In the year since we ported osquery to Windows, the operating system instrumentation and endpoint monitoring agent has attracted a great deal of attention in the open-source community and beyond. In fact, it recently received the 2017 O’Reilly Defender Award for best project.
Many large and leading tech firms have deployed osquery to do totally customizable and cost-effective endpoint monitoring. Their choice and subsequent satisfaction fuels others’ curiosity about making the switch.
But deploying new software to your company’s entire fleet is not a decision to be made lightly. That’s why we sought to take the pulse of the osquery community – to help current and potential users know what to expect. This marks the start of a four-part blog series that sheds light on the current state of osquery, its shortcomings and opportunities for improvement.
Hopefully, the series will help those of you who are sitting on the fence decide if and how to deploy the platform in your companies.
For our research, we interviewed teams of osquery users at five major tech firms. We asked them:
- How is osquery deployed and used currently?

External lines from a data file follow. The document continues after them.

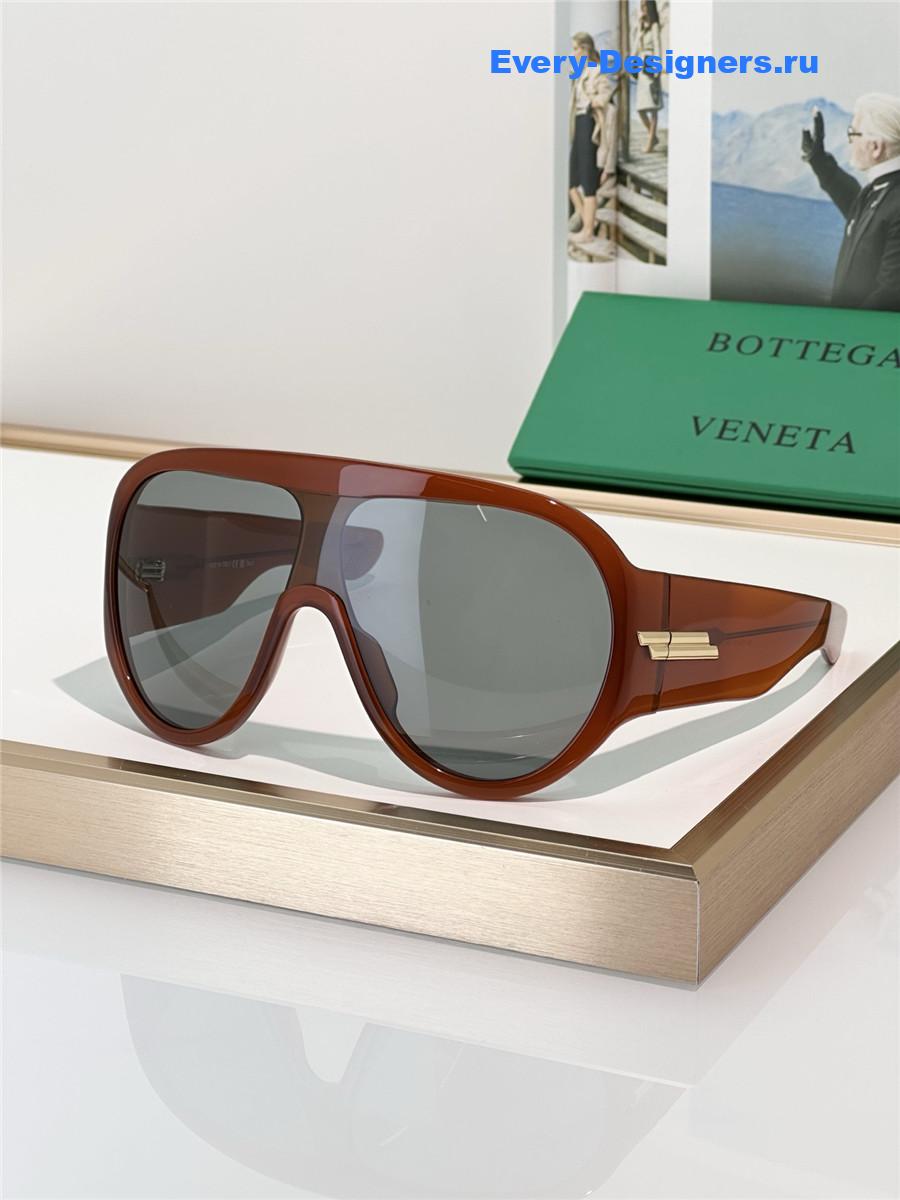 b0tt*ga Ven*ta bv1345 sunglasses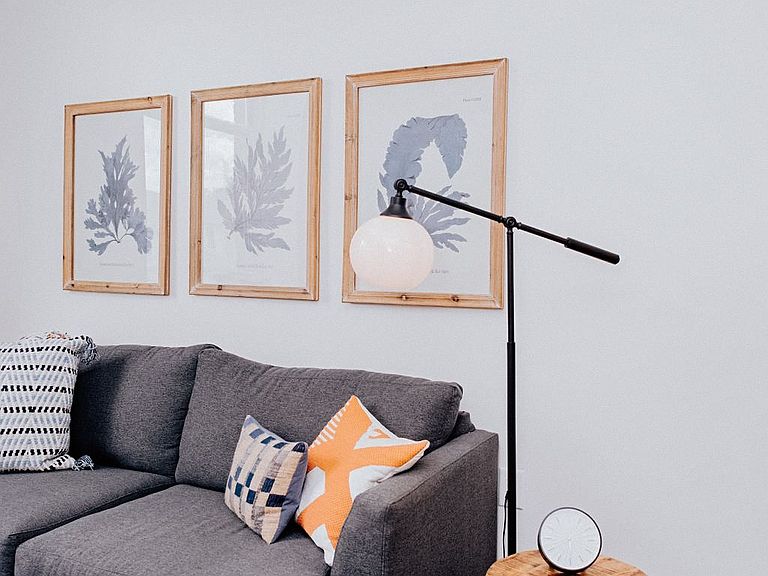 201 E Jefferson St photo 3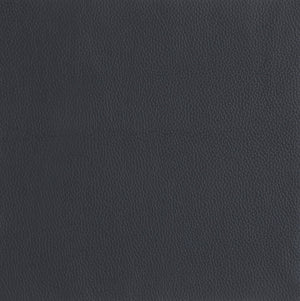 English Elm Global Top-Grain Italian Leather Power Recliner Sofa – Luxurious Comfort With Usb Charging & Style B05777841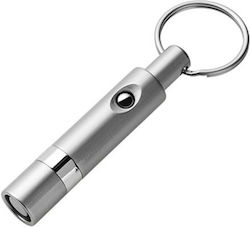 Angelo 501020 Angelo 501020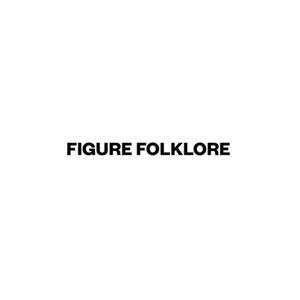 Figure Decorative brand logo for figuredecorative.com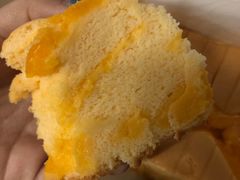 -小熊吉姆(kkone店)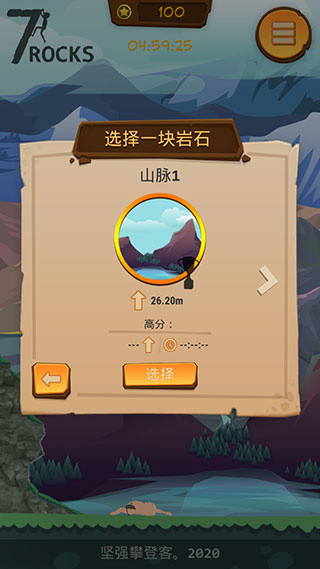 89b395126da89d3926b7364062ac330a.jpg 89b395126da89d3926b7364062ac330a.jpg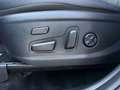 Hyundai SANTA FE LEVEL 6 4WD KLIMA TEMPOMAT PANO 360•KAM Schwarz - thumbnail 22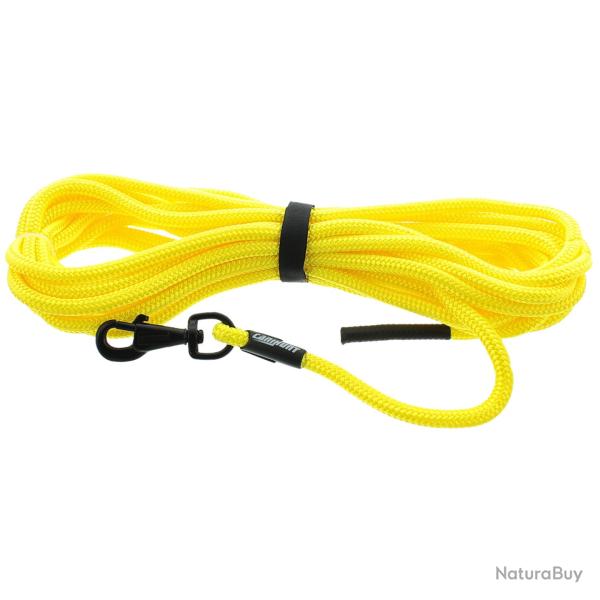 Longe ALP ronde polyester 10 m�tres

- What benefits are your team seeing?
- What have been your biggest pain points about using osquery?
- What new features would you most like to see added?
This post will focus on current use of osquery and its benefits.
How are companies using osquery today?
osquery’s affordability, flexibility, and cross-platform compatibility has quickly established its place in the endpoint monitoring toolkits of top tech firms. Since its debut in October, 2014, over 1,000 users from more than 70 companies have engaged with the development community through its Slack channel and GitHub repo. In August, osquery developers at Facebook began offering bi-weekly office hours to discuss issues, new features, and design direction.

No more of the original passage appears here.